THE DATA >>
....................

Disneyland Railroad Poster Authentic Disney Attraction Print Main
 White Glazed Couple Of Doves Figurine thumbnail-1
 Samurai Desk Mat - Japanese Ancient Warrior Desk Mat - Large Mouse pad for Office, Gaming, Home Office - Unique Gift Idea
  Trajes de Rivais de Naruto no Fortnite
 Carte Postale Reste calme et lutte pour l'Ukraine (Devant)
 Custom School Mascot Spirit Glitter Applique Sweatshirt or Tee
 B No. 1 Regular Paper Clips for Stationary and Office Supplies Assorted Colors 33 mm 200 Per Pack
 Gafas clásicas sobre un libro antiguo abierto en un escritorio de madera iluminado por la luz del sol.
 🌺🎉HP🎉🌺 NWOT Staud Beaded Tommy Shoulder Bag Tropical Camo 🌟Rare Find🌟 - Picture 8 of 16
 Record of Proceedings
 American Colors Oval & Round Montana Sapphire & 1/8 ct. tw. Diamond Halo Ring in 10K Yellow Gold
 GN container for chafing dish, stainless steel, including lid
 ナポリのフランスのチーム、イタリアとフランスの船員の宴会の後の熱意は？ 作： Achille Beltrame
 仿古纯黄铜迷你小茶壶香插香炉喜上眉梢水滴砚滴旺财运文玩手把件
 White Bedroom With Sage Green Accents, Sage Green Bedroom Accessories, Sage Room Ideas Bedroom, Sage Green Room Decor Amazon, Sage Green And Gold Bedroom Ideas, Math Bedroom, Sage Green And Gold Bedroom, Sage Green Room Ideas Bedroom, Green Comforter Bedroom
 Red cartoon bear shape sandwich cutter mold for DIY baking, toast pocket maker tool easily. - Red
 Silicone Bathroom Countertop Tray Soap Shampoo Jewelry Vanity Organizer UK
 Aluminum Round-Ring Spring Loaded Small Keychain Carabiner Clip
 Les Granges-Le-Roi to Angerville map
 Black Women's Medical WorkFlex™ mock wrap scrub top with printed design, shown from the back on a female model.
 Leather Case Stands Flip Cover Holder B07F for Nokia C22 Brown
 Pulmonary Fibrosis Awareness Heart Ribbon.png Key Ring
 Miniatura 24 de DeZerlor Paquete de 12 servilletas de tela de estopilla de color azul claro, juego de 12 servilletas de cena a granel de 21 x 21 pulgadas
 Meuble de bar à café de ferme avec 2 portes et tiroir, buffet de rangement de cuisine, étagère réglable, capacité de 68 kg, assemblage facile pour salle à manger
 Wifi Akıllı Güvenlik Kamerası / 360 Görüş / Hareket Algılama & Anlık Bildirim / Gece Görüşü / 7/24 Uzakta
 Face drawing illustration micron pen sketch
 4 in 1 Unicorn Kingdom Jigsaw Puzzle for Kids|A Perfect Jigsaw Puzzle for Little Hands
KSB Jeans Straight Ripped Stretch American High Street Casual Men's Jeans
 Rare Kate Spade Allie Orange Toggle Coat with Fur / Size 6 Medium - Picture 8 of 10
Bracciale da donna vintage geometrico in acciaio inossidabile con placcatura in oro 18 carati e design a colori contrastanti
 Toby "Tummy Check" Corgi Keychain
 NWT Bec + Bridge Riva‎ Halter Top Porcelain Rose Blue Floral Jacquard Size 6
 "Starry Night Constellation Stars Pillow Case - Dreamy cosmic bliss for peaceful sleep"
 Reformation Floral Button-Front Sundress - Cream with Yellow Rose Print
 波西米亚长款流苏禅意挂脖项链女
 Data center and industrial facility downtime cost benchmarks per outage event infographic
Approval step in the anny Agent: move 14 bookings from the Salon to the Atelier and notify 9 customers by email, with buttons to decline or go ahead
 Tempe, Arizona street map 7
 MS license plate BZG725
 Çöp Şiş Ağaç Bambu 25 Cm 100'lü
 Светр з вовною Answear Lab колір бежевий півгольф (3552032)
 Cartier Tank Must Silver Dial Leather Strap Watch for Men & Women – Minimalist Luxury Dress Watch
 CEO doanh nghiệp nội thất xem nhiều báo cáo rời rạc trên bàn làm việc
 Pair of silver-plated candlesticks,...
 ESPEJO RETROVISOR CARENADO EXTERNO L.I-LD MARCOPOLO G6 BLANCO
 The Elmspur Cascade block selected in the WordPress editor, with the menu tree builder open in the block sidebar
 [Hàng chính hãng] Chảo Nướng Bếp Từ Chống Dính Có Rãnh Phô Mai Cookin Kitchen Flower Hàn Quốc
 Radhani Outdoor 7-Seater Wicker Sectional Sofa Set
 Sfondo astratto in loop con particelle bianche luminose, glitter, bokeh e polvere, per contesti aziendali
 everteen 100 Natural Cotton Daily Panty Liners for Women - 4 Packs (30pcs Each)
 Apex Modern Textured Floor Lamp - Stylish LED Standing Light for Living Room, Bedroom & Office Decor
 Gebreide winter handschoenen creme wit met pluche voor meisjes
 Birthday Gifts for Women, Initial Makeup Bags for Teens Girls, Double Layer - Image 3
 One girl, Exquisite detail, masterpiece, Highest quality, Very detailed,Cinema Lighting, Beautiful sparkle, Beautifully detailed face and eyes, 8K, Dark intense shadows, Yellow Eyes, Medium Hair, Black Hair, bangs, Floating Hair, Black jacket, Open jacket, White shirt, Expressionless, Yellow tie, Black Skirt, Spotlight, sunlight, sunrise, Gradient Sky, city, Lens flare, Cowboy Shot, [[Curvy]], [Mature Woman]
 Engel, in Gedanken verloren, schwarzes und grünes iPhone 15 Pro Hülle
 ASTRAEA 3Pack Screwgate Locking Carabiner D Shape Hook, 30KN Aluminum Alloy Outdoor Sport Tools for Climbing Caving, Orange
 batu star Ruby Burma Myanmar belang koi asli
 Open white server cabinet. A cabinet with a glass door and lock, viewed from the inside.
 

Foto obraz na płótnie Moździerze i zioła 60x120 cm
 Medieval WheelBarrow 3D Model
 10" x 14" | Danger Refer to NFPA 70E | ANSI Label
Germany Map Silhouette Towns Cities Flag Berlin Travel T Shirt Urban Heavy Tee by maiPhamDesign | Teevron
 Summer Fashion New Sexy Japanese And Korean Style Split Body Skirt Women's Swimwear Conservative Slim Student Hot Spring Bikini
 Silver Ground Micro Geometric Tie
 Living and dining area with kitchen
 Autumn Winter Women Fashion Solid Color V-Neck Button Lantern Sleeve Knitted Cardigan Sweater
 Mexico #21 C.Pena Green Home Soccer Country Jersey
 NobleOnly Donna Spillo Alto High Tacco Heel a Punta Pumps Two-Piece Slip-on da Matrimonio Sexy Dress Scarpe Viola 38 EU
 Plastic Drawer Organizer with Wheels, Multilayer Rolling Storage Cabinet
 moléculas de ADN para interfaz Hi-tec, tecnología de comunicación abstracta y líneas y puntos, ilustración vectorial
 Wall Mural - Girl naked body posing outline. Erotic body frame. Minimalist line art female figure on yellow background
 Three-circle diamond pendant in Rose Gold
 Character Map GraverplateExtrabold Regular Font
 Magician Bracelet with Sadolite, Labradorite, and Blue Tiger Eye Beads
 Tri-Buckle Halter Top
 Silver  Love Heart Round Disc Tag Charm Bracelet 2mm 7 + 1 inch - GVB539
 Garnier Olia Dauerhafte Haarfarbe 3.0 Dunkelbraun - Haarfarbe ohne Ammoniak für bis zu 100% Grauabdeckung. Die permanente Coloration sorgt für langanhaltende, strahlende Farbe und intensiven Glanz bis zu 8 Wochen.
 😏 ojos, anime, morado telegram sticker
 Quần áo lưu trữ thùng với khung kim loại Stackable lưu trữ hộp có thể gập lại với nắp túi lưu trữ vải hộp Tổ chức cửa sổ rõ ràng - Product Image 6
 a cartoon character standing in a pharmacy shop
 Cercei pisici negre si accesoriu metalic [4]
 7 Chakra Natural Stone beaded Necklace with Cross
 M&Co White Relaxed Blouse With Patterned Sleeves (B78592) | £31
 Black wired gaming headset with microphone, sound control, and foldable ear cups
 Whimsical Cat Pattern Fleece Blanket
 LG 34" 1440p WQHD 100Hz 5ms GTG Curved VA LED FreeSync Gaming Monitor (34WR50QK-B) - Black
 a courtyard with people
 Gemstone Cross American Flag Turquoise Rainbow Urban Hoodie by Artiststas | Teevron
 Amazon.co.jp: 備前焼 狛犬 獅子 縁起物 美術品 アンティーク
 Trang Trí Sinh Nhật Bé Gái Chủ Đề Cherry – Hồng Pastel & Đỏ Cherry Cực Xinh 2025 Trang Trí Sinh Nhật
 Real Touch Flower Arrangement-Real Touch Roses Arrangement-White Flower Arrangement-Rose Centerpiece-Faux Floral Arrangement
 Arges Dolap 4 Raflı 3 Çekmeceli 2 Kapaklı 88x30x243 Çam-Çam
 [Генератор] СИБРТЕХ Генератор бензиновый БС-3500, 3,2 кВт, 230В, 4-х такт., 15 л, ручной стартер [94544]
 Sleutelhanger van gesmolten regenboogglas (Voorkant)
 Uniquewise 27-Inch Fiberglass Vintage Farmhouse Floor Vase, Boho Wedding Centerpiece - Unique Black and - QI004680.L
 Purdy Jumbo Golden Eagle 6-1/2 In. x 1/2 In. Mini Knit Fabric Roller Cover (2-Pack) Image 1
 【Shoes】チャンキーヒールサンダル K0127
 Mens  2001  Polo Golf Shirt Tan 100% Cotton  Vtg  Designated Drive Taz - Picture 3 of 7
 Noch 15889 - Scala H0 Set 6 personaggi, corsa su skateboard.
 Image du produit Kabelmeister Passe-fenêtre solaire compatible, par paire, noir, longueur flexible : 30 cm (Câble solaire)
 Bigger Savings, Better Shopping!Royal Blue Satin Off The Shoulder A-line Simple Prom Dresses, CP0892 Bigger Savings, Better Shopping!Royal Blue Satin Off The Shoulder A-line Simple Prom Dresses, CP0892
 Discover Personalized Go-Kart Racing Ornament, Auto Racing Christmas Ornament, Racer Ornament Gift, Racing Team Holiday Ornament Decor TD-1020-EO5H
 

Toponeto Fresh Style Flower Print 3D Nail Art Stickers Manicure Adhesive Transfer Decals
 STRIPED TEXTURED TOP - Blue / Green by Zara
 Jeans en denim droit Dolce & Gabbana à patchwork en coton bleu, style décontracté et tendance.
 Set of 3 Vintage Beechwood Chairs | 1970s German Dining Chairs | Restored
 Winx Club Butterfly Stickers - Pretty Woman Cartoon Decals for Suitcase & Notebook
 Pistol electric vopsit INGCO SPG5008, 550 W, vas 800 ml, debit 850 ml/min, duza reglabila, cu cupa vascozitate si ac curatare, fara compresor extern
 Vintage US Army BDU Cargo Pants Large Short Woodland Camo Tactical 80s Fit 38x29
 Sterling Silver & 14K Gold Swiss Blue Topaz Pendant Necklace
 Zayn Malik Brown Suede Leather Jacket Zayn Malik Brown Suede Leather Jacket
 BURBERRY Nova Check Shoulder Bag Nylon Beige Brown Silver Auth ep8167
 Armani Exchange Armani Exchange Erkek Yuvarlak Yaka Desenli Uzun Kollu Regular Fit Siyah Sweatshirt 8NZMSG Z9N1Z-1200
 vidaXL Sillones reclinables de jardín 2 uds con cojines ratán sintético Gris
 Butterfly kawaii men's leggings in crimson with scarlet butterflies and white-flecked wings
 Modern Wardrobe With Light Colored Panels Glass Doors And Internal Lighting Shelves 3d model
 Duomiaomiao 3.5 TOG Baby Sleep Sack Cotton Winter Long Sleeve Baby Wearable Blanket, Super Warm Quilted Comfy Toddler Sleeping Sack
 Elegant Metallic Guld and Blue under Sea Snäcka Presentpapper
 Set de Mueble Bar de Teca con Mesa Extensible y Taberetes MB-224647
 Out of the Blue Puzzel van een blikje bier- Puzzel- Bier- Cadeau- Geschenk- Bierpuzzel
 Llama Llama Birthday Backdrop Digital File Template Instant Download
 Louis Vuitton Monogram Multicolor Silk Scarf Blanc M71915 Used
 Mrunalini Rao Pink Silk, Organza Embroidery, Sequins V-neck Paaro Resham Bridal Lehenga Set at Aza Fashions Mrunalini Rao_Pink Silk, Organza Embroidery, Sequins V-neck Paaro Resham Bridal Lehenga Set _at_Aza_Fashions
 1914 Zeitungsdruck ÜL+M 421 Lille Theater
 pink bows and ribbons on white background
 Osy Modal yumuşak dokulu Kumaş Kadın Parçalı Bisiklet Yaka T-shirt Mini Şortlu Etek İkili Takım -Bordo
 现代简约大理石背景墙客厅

....................

DESCRIPTION OF THE TASK >> Which lines above run from the one containing "Foto obraz na" down to the one containing "Germany Map Silhouette"? Repeat exactly those, both ends included, and nothing else.

RESULT OF THE TASK >>
Foto obraz na płótnie Moździerze i zioła 60x120 cm
 Medieval WheelBarrow 3D Model
 10" x 14" | Danger Refer to NFPA 70E | ANSI Label
Germany Map Silhouette Towns Cities Flag Berlin Travel T Shirt Urban Heavy Tee by maiPhamDesign | Teevron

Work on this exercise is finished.